In addition to the above general concerns, I provide comments on specific lines in the manuscript below.
Specific Comments:
Ln 7: There are many places in the manuscript that use "summer season temperature." Summer season is redundant and can be changed to simply summer temperature.
Ln 22: This is a bit of a strange list of references for this general statement. I suggest the authors just list the many review articles on CE climate over the last decade or more: Mann and Jones (2003); Jones et al. (2009); Frank et al. (2010); Christiansen and Ljungqvist (2012); Smerdon and Pollack (2016); Christiansen and Ljungqvist (2017)

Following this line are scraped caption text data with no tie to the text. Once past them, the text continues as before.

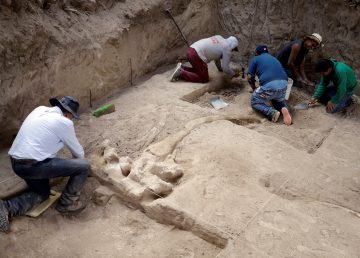 Hallan huesos y colmillos de un mastodonte en el estado mexicano de Puebla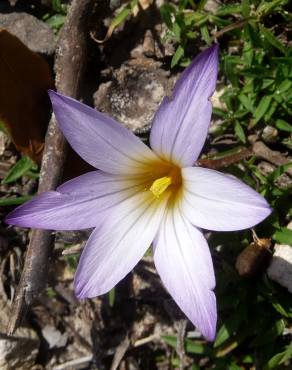 Fotografia 10 da espécie Romulea bulbocodium var. bulbocodium no Jardim Botânico UTAD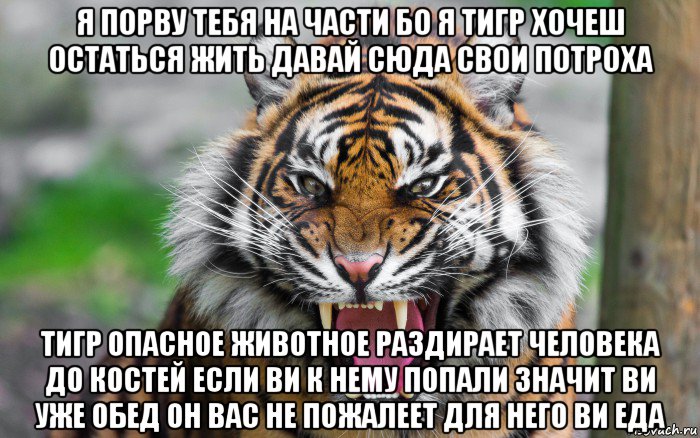 я порву тебя на части бо я тигр хочеш остаться жить давай сюда свои потроха тигр опасное животное раздирает человека до костей если ви к нему попали значит ви уже обед он вас не пожалеет для него ви еда, Мем ДЕРЗКИЙ ТИГР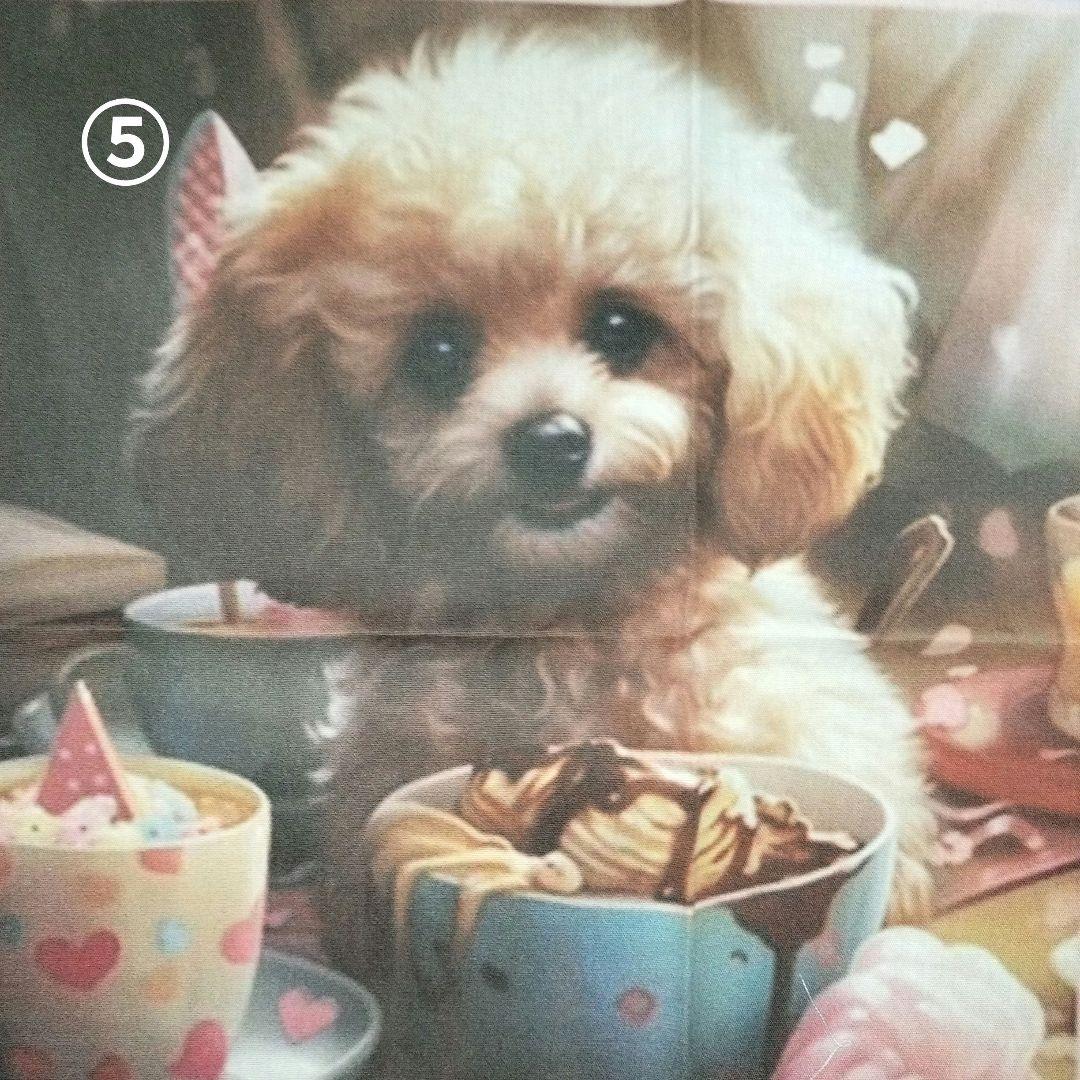 ♡ポメちゃん、プードルちゃんオーダーページ✨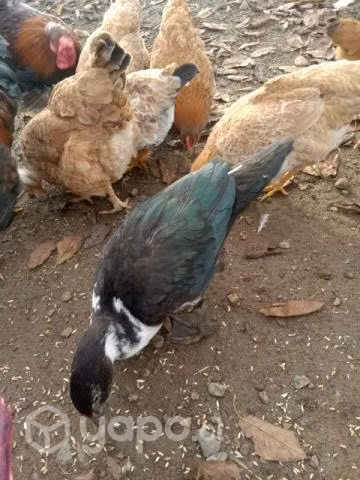 Patos mudos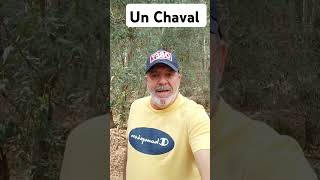 🧢Un Chaval elchistedeldia humorandaluz [upl. by Emina]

Ln 24: Again, this is a strange list of references for the sentence it is supporting. More appropriate references are: Hegerl et al. (2006, 2007); Schurer et al. (2013, 2014); Anchukaitis et al. (2012, 2017); Tejedor et al. (2021 PNAS and PP)
Ln 26: "hinders to capture" is not grammatically correct.
Ln 28: "ice cores), etc." is incorrect structure.
Ln 41-40: "Many scientific studies that employ pseudo-proxies and real proxies have focused on global and hemisphere climate field or climate index reconstructions..." What else is there? This is basically everything unless the authors are thinking about recons of dynamic indices or want to point out that the majority have focused on specifically temperature recons (with the exceptions of the data assimilation methods that have tested multiple variable recons in pseudoproxy studies).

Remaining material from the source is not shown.